We’ll probably never see the director’s proposed version of Moneyball, but one imagines it would share some qualities with High Flying Bird. There’s a staginess to the structure, a constant flow from one conversation to the next courtesy of screenwriter and Moonlight playwright Tarell Alvin McCraney. This is a basketball movie solely interested in backroom wheeling and dealing; in the one moment when an actual game threatens to break out, Soderbergh comically cuts away. But the focus on intellectual showdowns dovetails nicely with the plot, which hinges on the possibility of wresting basketball from big corporate interests through one-on-one, pay-per-view showdowns. And there’s a lot of passion and ideas in McCraney’s dense shoptalk. By the end, Soderbergh has pulled off a kind of magic trick, bringing everything together in satisfying Ocean’s fashion while acknowledging that the underlying problem—the misdistribution of power and profit in pro basketball—remains unsolved.

This being a Soderbergh movie, there’s a little misdirection and surprise, the filmmaker using chronological hiccups to fill in the full scope of Ray’s hustle. Back at Sundance proper, I found myself thinking of his masterful manipulation of perspective during a very different movie: The Lodge (Grade: B+), an ambitious, expertly crafted, and admittedly kind of ludicrous horror movie from Severin Fiala and Veronika Franz, the Austrian duo that made the very intense Goodnight Mommy. There are echoes of that earlier creepout in the new one’s plot, about the conflict between two kids (Jaeden Lieberher and Lia McHugh) and their soon-to-be-stepmother (Riley Keough), the lone survivor of a Heaven’s Gate-style doomsday cult. Still reeling from a recent tragedy, the family heads to a secluded holiday cabin for Christmas. When dad (Richard Armitage) has to trek back to the city for a work emergency, the kids get snowed in with their new, unwanted guardian, tensions slowly boiling into a cabin-fever nightmare.

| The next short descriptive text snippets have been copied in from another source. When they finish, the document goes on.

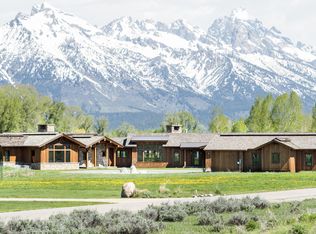 105 Huckleberry Dr, Jackson, WY 83001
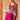 Viscose Jacquard Fabric Ravishing Readymade Lehenga Choli In Magenta Color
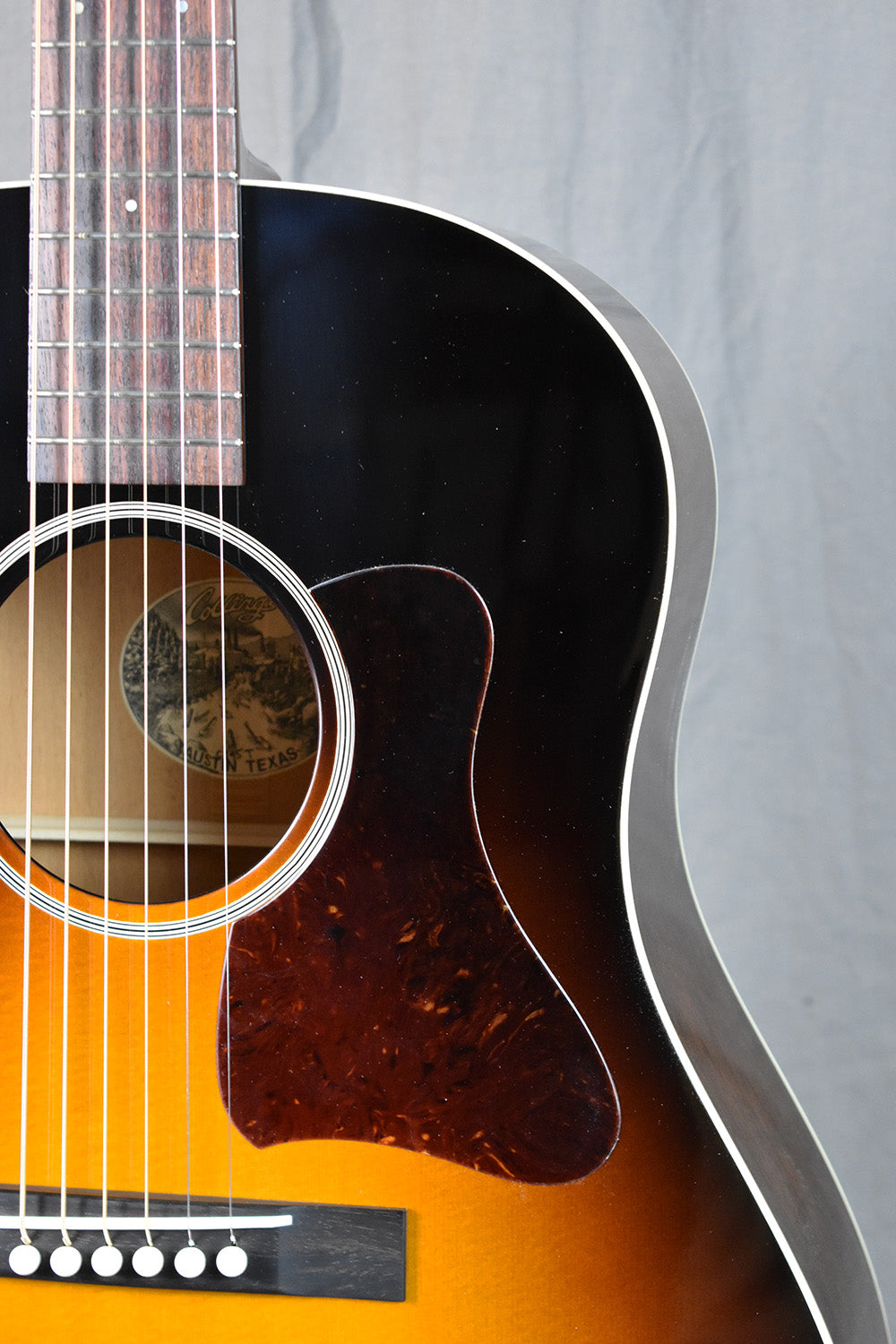 Collings CJ-45 T Old Growth Sitka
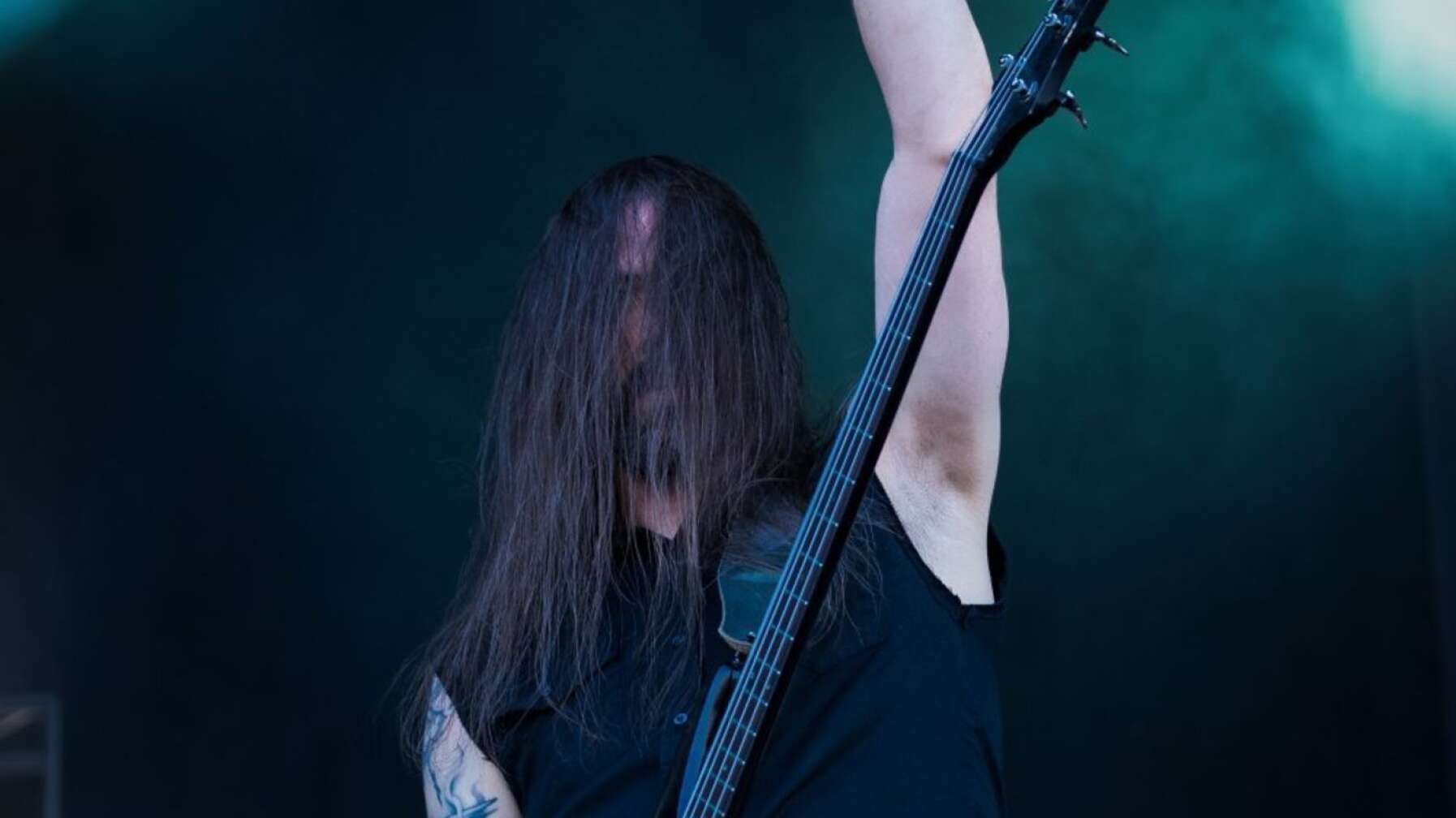 Kataklysm on stage #2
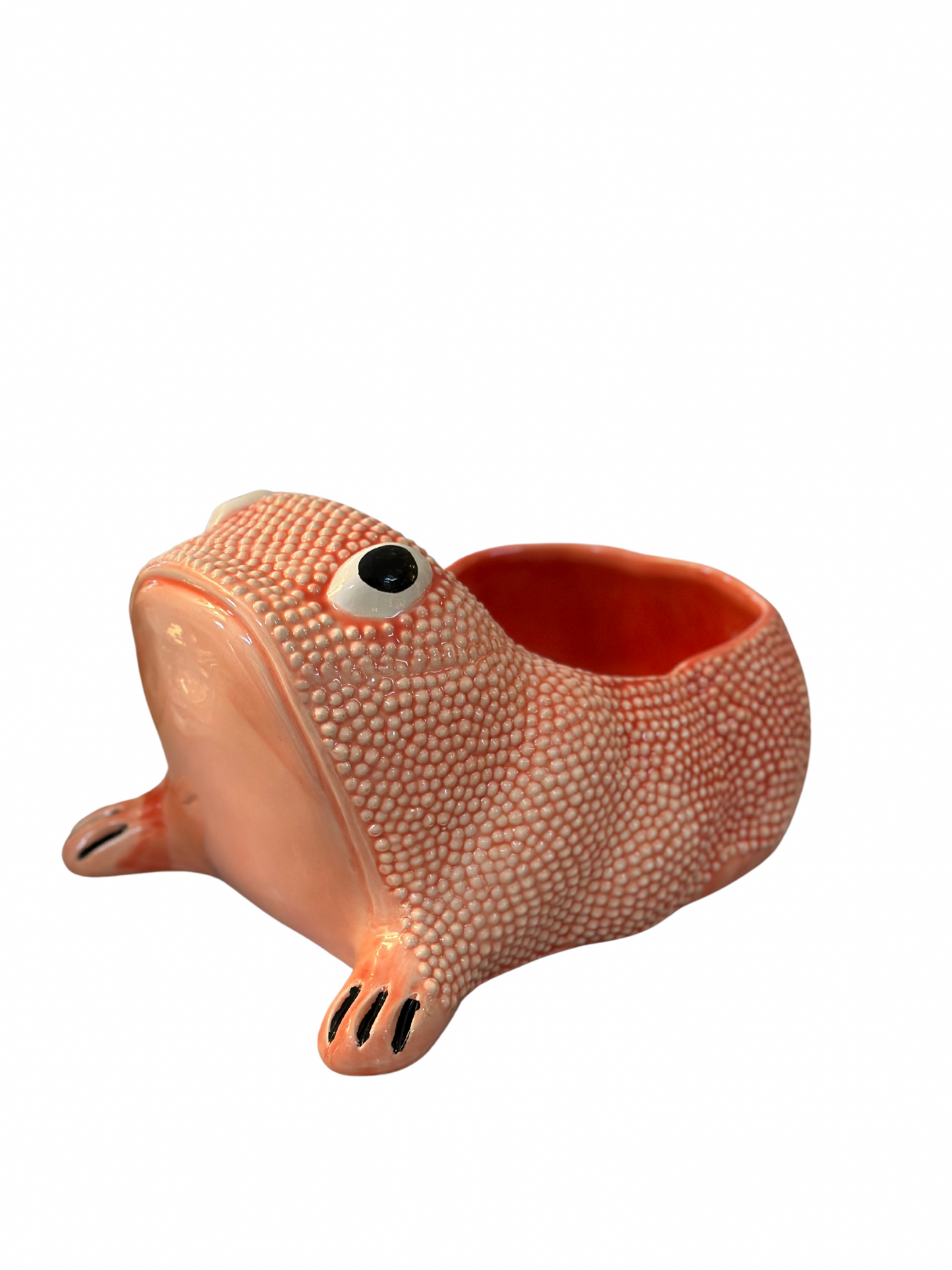 Large Jean Roger Frog Planter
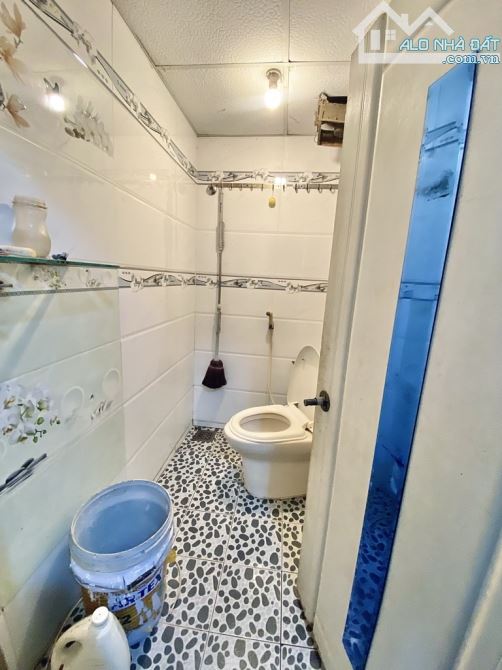 Bán nhà 2 tầng đường tô Ngọc Vân phường 15 quận gò vấp - 4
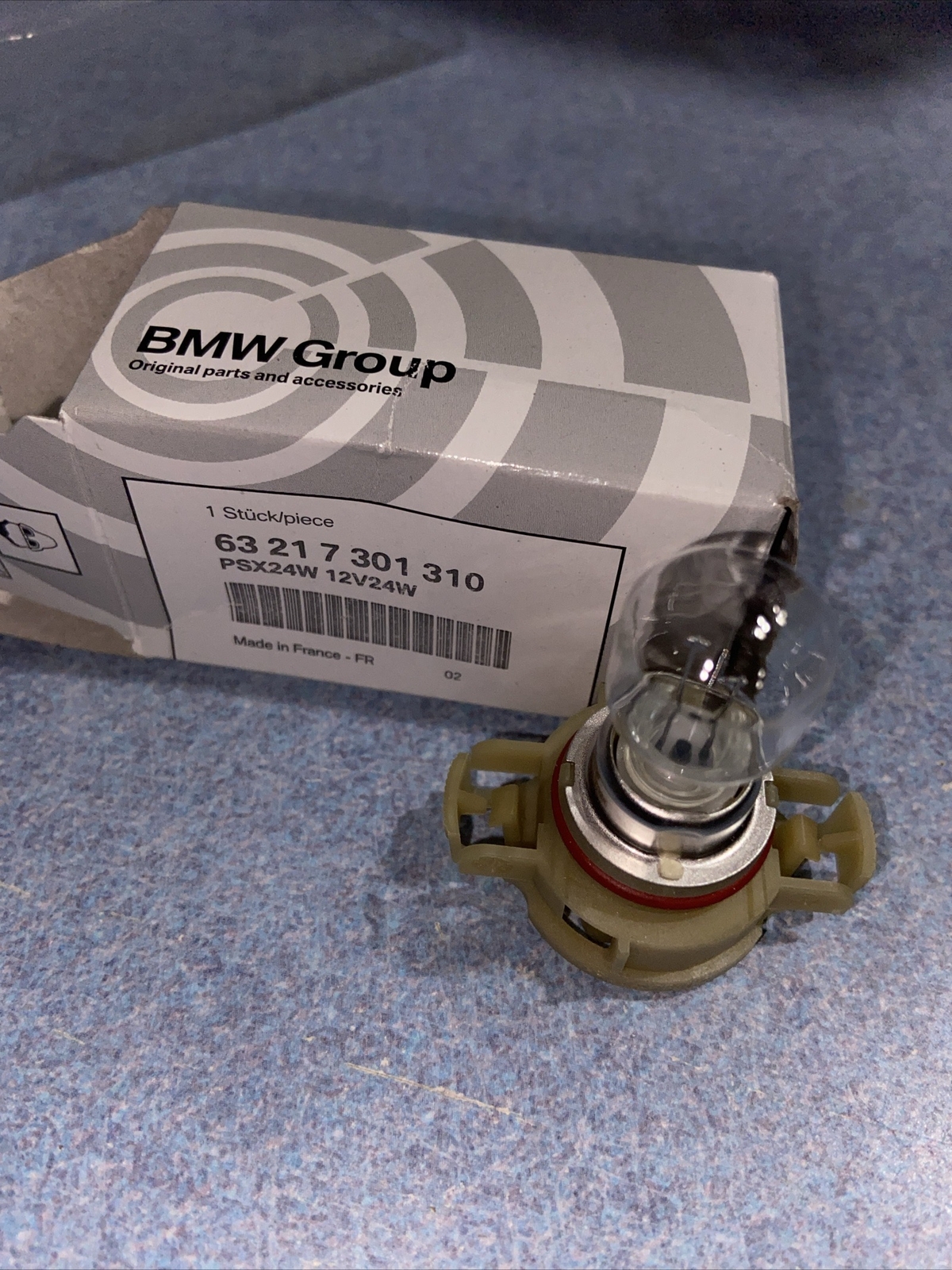 63217301310 - BULB - BMW | eBay 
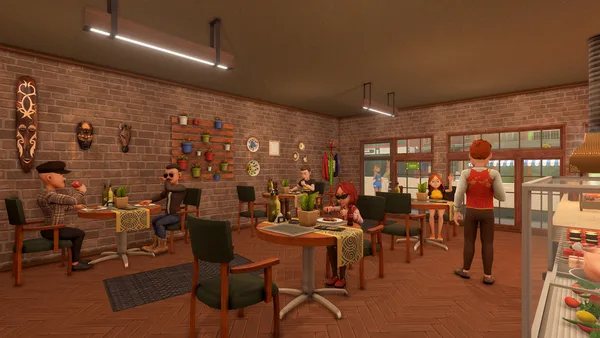 Kebab Chefs: Prologue screenshot 16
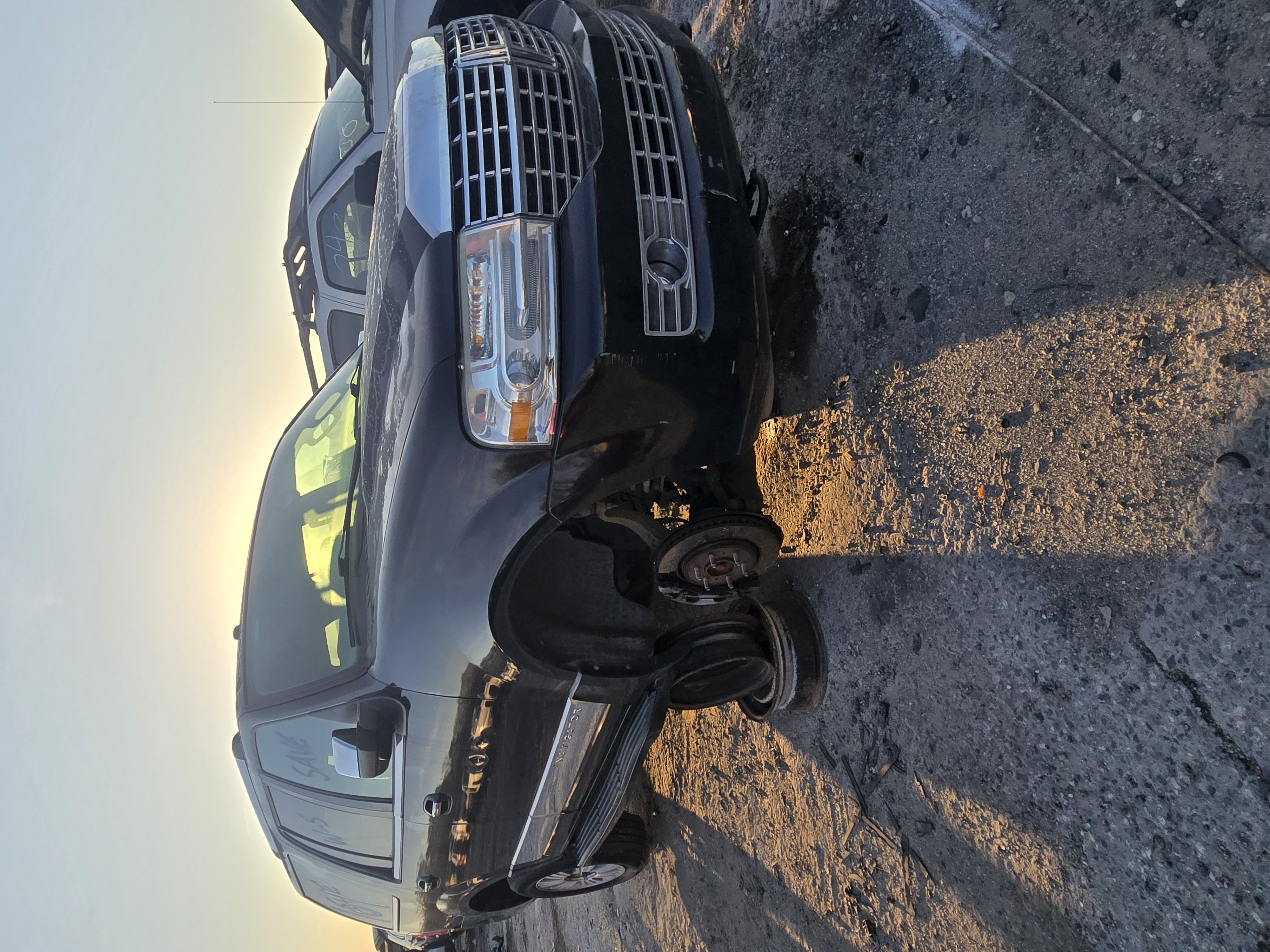 2007 LINCOLN Navigator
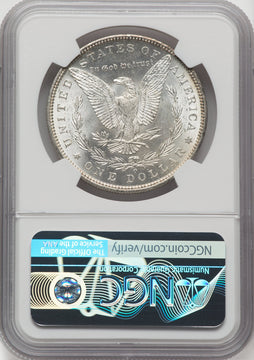 1889-O $1 Morgan Dollar NGC MS63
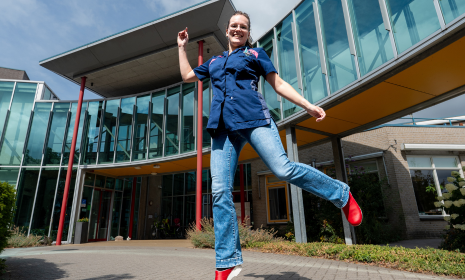 Inloopmiddag 'Waag jij ook de sprong?'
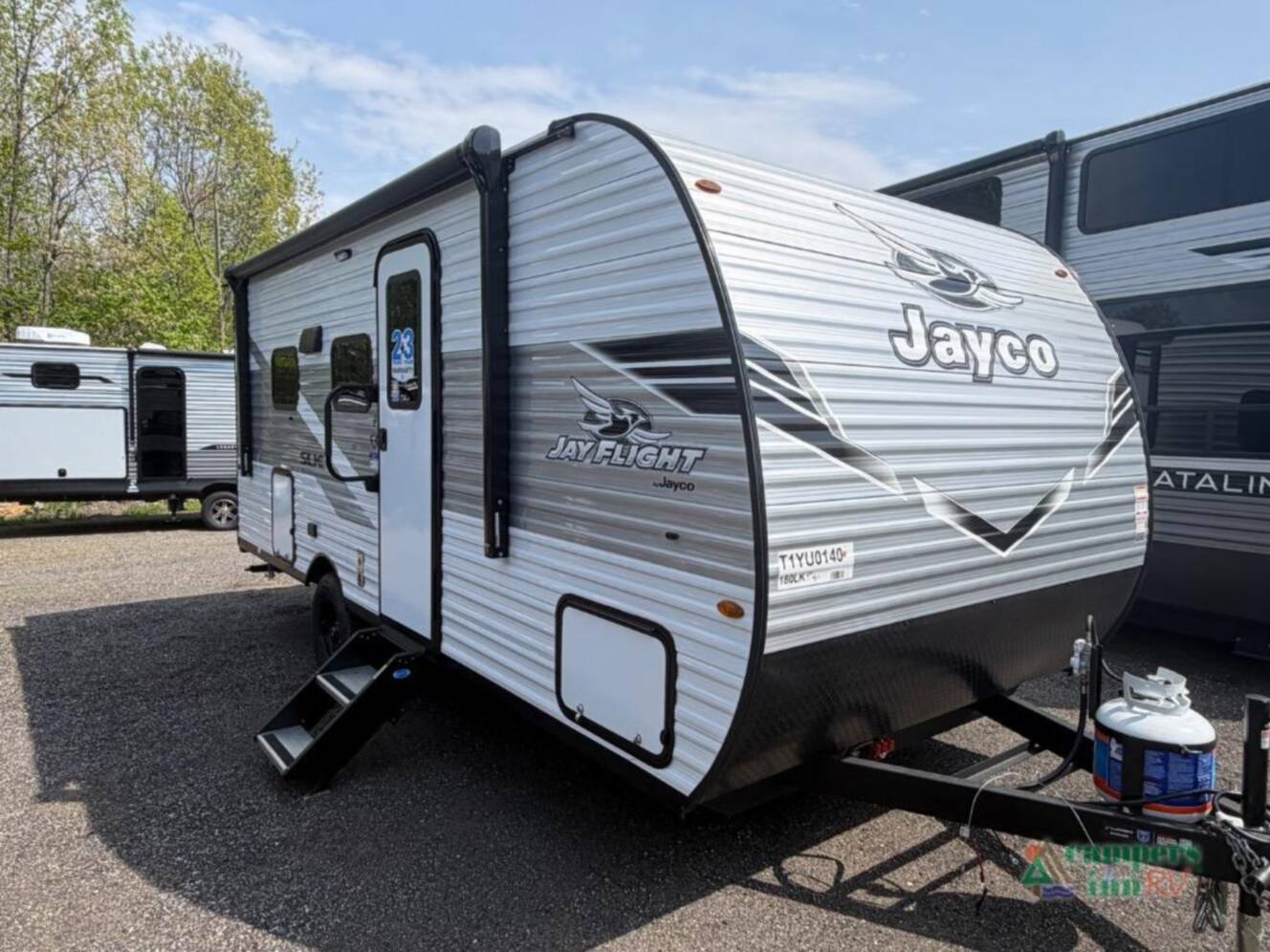 A photo of this 2026 Jayco Jay Flight SLX 180LK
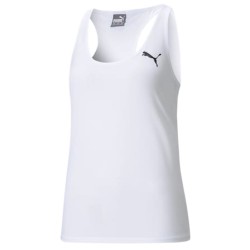 Women's top Puma Active Tank - white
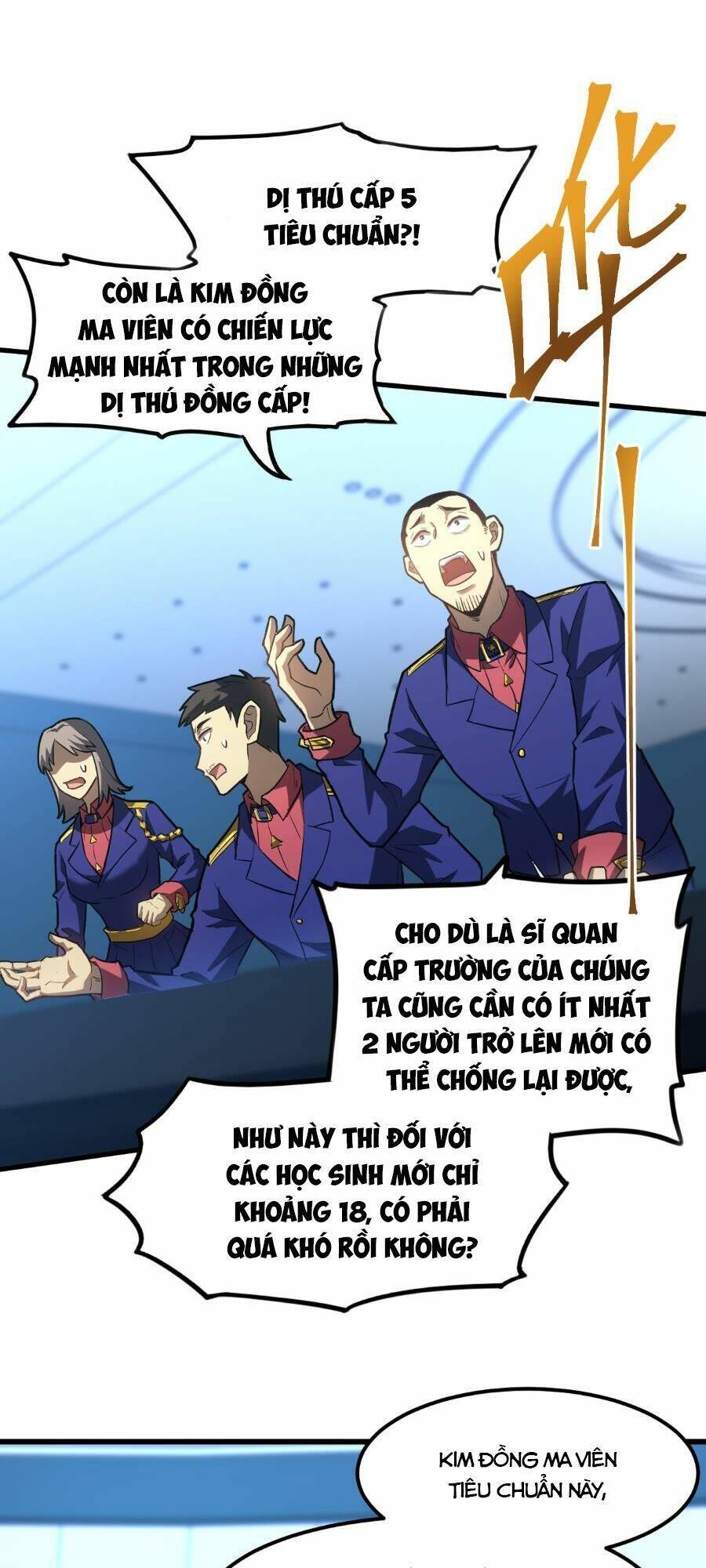 Cao Võ: Hạ Cánh Đến Một Vạn Năm Sau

Much more shouldn’t be said of The Lodge’s trajectory. It does require a certain suspension of belief, asking you to buy everything from the father’s monumentally clueless and even callous reading of the situation to the ultimate explanation of what’s really going on. But as an exercise in escalating dread and explicitly religious anxiety, it’s supremely effective. Though financed by legendary horror house Hammer (always a nice credit to see at the top of a new thriller), the film frequently recalls the atmospheric, strings-heavy A24 horror house-style. In fact, its foreboding establishing shots, deliberate pacing, and dollhouse imagery specifically bring to mind Hereditary. The Lodge isn’t as accomplished or harrowing as that Sundance triumph, but its values are comparable. Fiala and Franz know how to draw out the unease through environment, in this case creating a sleepless atmosphere though the low light flowing into their snowbound setting. Also, anyone with a taste for an implausible but well-executed rug-pull should keep their eyes peeled for The Lodge.